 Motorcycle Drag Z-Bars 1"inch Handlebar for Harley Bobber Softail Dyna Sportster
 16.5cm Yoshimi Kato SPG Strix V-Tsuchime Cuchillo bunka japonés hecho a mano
---
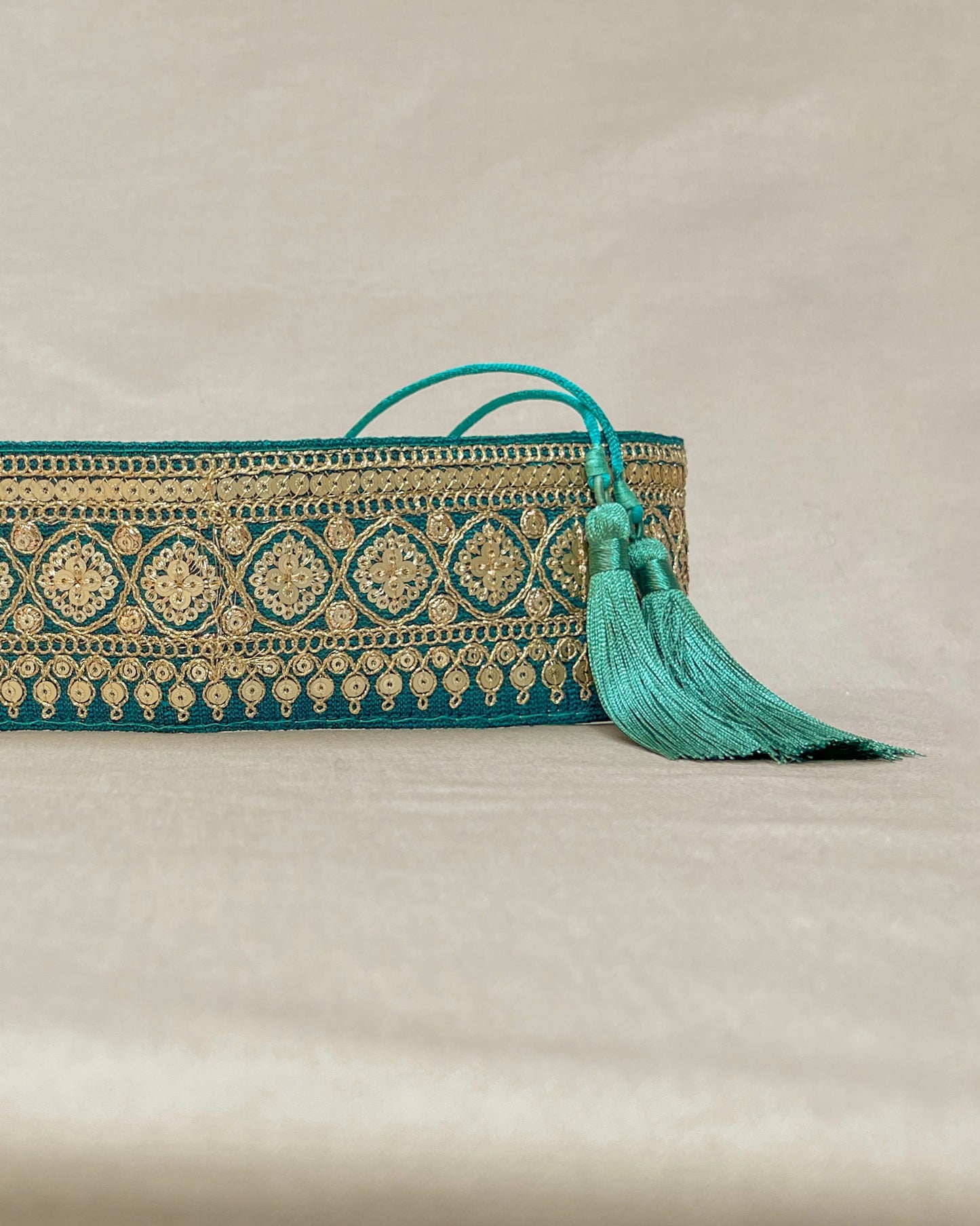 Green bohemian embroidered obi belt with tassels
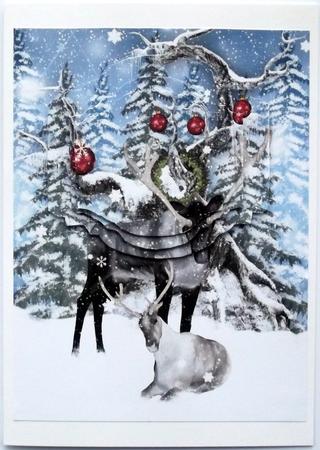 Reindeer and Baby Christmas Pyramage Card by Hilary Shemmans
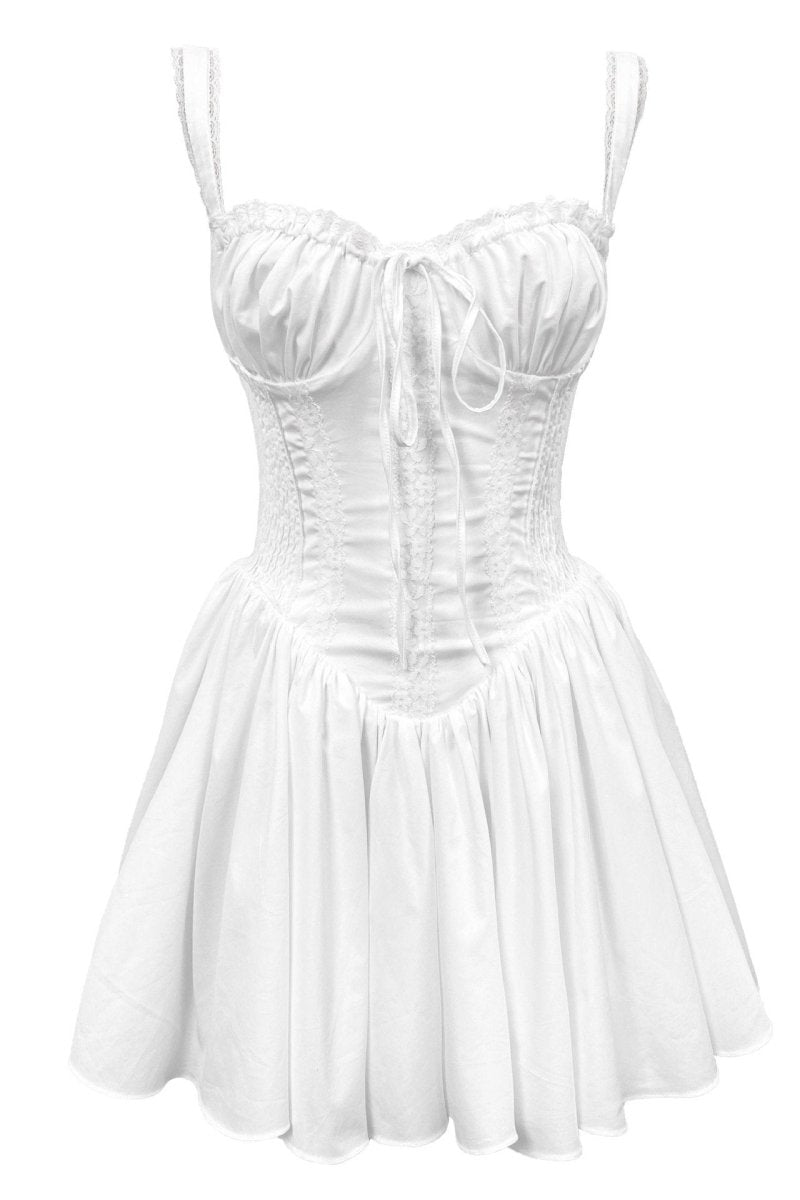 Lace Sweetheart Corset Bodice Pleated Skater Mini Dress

**WHAT IS REQUIRED:**
From the records above, give again exactly the lines running from the line with "Motorcycle Drag Z-Bars" to the line with "16.5cm Yoshimi Kato", inclusive.

**EXERCISE SOLUTION:**
 Motorcycle Drag Z-Bars 1"inch Handlebar for Harley Bobber Softail Dyna Sportster
 16.5cm Yoshimi Kato SPG Strix V-Tsuchime Cuchillo bunka japonés hecho a mano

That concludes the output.